Дурак (СИ) - Беляева Дария (онлайн книга без TXT) 📗
Ее рука отпускает меня, потом гладит по голове, и вот мама снова сцепляет пальцы, смотрит, будто что-то из того, что беспокоило ее, промелькнуло в окне.
— А у тебя как дела? — спрашиваю я осторожно. Она бледнеет еще больше, становится по цвету неотличимая от камелий в вазе.
— Да, конечно. Я ведь не просто так тебя позвала, ты взрослый мальчик, Марциан, и я бы не хотела отвлекать тебя от твоей собственной жизни.
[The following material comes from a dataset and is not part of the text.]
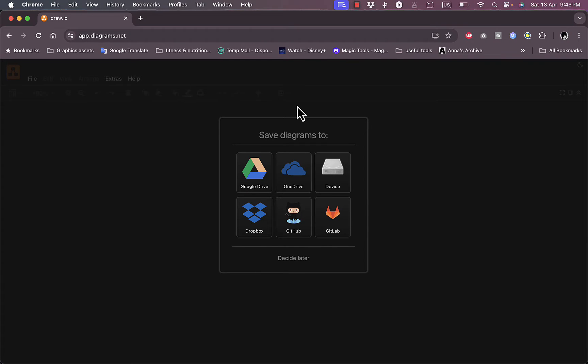What's up everyone, welcome to my channel. This video will be a tutorial on how to use the draw.io platform to create diagrams and flow charts, so let's get right to it.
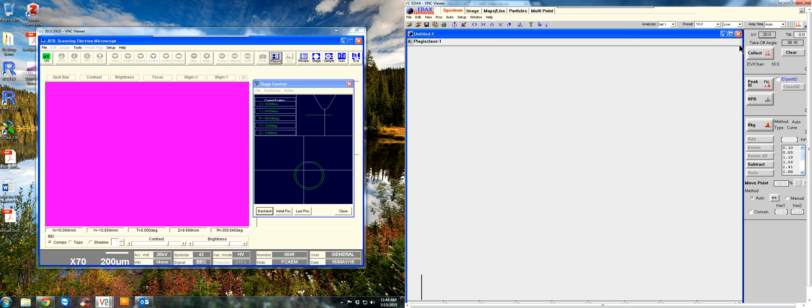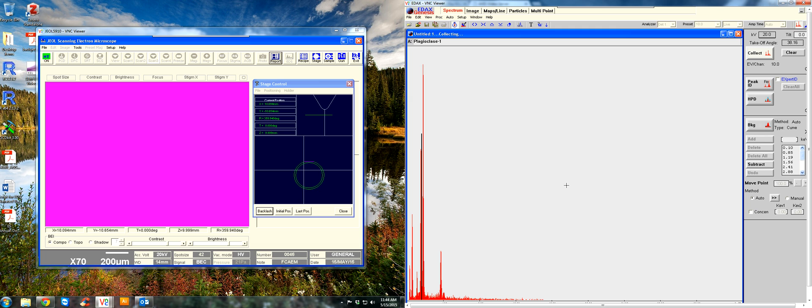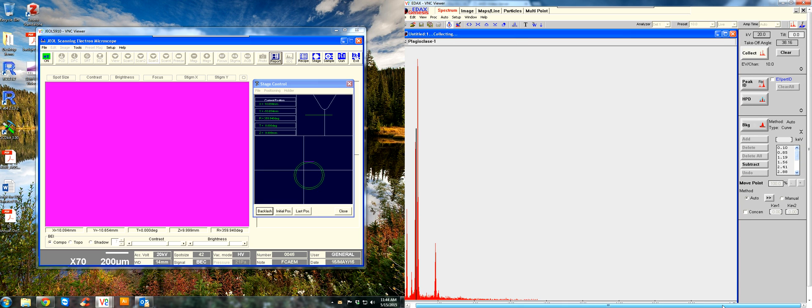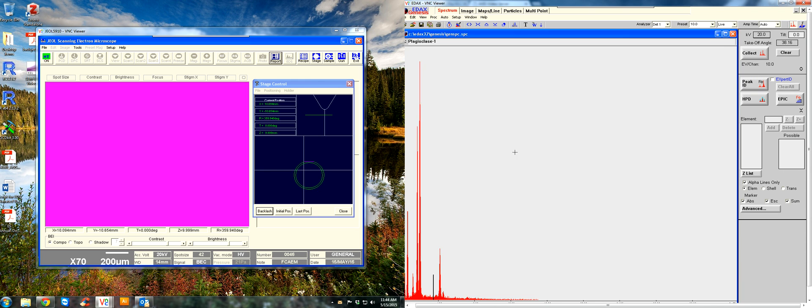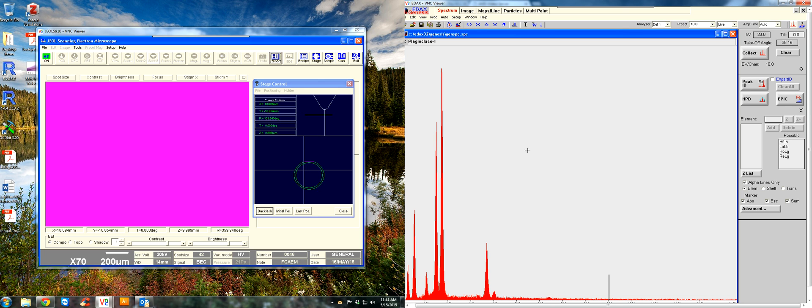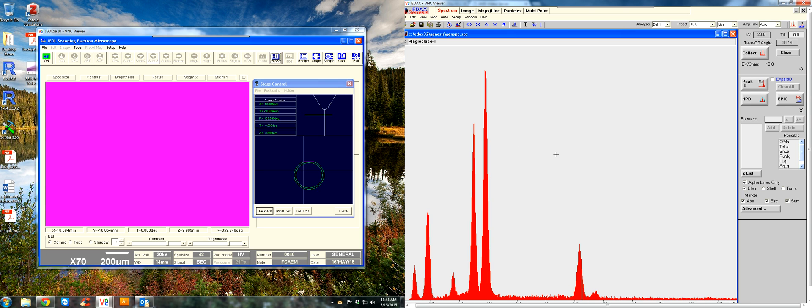And then you go over here to the right and hit collect, so it's going to collect the spectrum for 10 live seconds. It's pretty much got the same controls as the image tab, except we can expand on a few. The automatic peak ID did a pretty good job, so we'll just use that again.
— Ты не отвлекала меня год, — я пожимаю плечами. Глаза у нее снова становятся вишнево-заплаканные. Наконец, она шепчет:
— Папа очень болел.
У меня становится пусто в груди, потому что я ожидаю услышать еще одно слово, очень конкретное, и тогда все будет на местах — рыдающая мама, неожиданный телефонный звонок, Кассий, проявляющий тактичность. Но мама говорит быстро, словно чтобы я не успел додумать страшные мысли до конца:
— Он поправился, но не совсем. Он болел две недели, мы выхаживали его, как могли.
— Почему вы не вызвали меня раньше?
— Потому что я была уверена, что он поправится. Я не хотела тебя волновать. Я и Атилия ухаживали за ним сами.
— Если он заболел, это значит, что…
— Что мой бог не забыл его преступлений.
Сердце у меня бьется болезненно быстро, я хочу побыстрее увидеть папу и то же время я переживаю, что увижу его бледного, умирающего, а потом никакого не вижу. Я знаю, что такое болезнь, но я никогда не видел больных людей. Прежде люди могли умереть множеством способов, исходящих из их собственного организма, но после великой болезни боги избавили нас не только от нее, но и ото всех ее родичей, ото всех болезней вообще. Конечно, у стариков слабеют сердца, и они быстро устают. Конечно, можно проломить себе голову, не слишком удачно покатавшись на машине. Можно быть отмеченным своим богом, как я, и тогда будет что-то болеть, как у меня болит голова, но это не опасно. Разные вещи случаются.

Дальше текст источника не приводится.